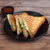 Chees sandwich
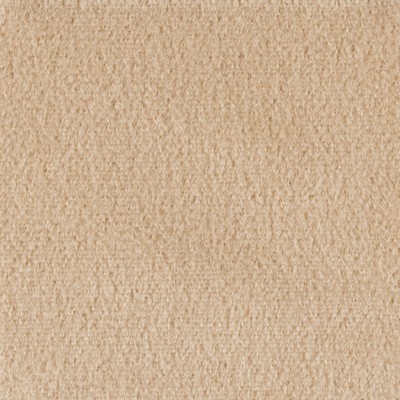 Kravet PLAZZO MOHAIR LIMESTONE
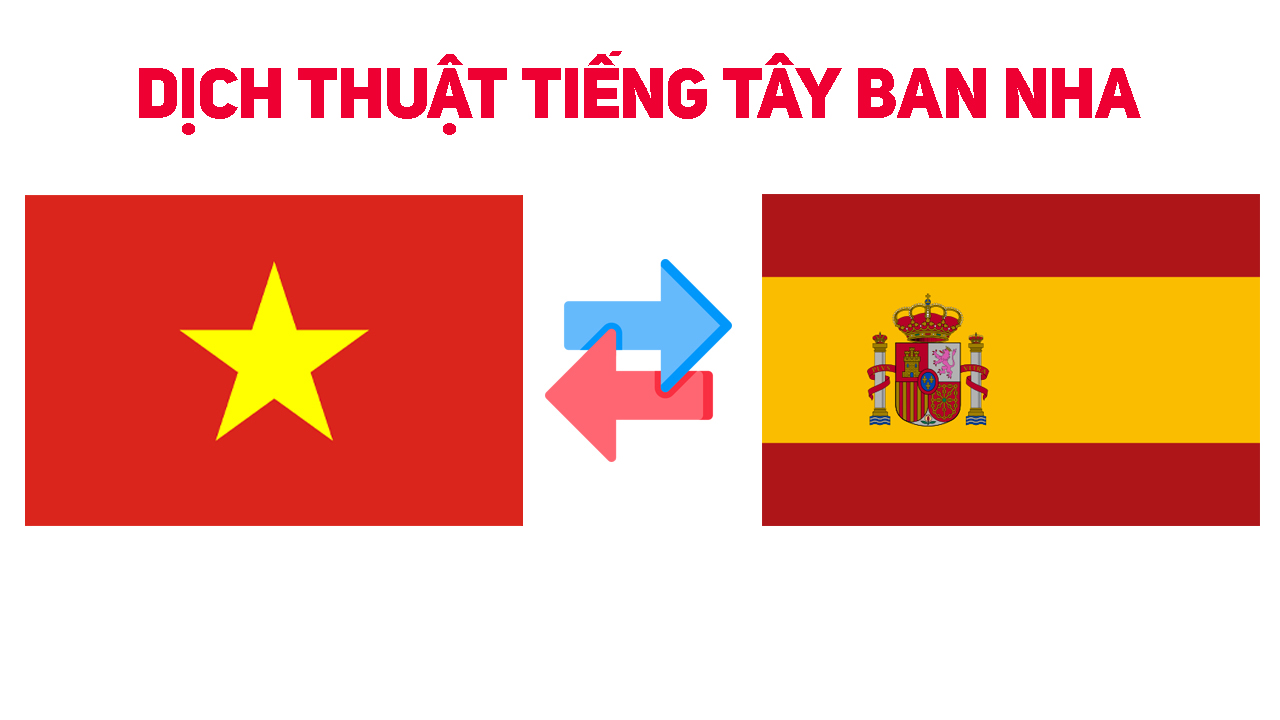 Dịch Thuật Công Chứng Tiếng Tây Ban Nha Chuyên Nghiệp 1 dich thuat tieng tay ban nha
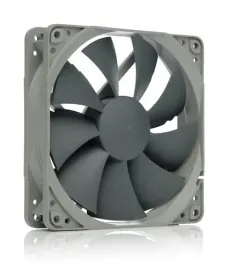wentylator-noctua-redux-120mm-nf-p12-redux-1700pwm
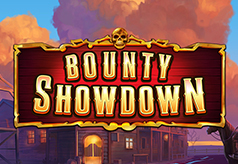 Bounty-Showdown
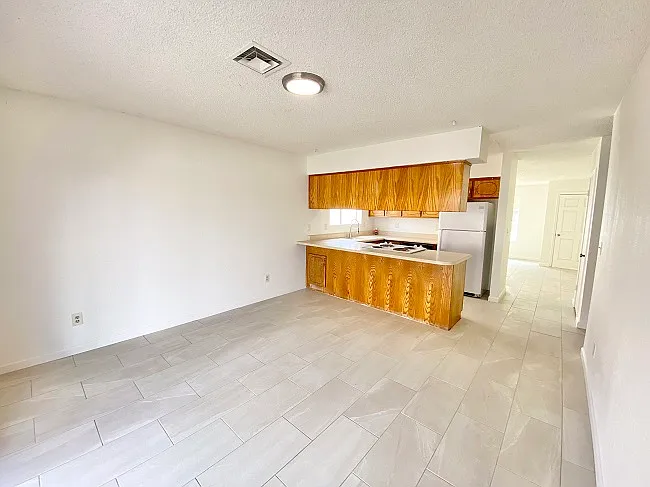 3 bed, 1146 sqft, $1,495 — Photo 4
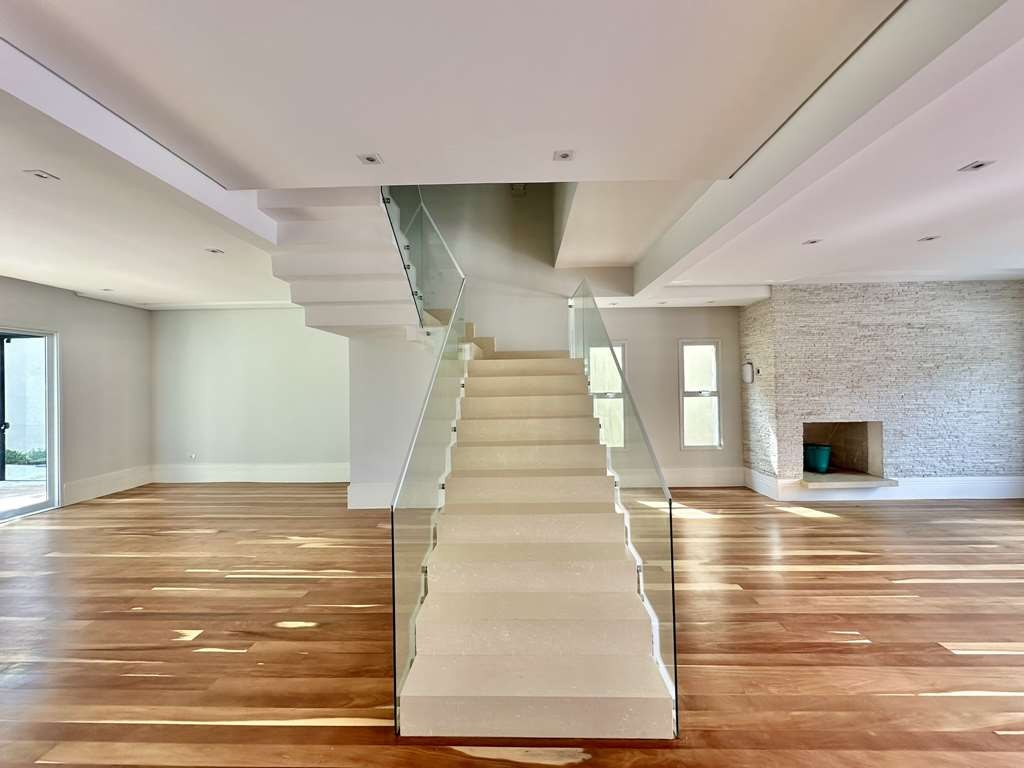 Casa, 4 quartos, 468 m² - Foto 31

TASK DESCRIPTION » Exactly as written, copy out the listing, but without any pictures.

RESULT BELOW »
 Chees sandwich
 Kravet PLAZZO MOHAIR LIMESTONE
 Dịch Thuật Công Chứng Tiếng Tây Ban Nha Chuyên Nghiệp 1 dich thuat tieng tay ban nha
wentylator-noctua-redux-120mm-nf-p12-redux-1700pwm
 Bounty-Showdown
 3 bed, 1146 sqft, $1,495 — Photo 4
 Casa, 4 quartos, 468 m² - Foto 31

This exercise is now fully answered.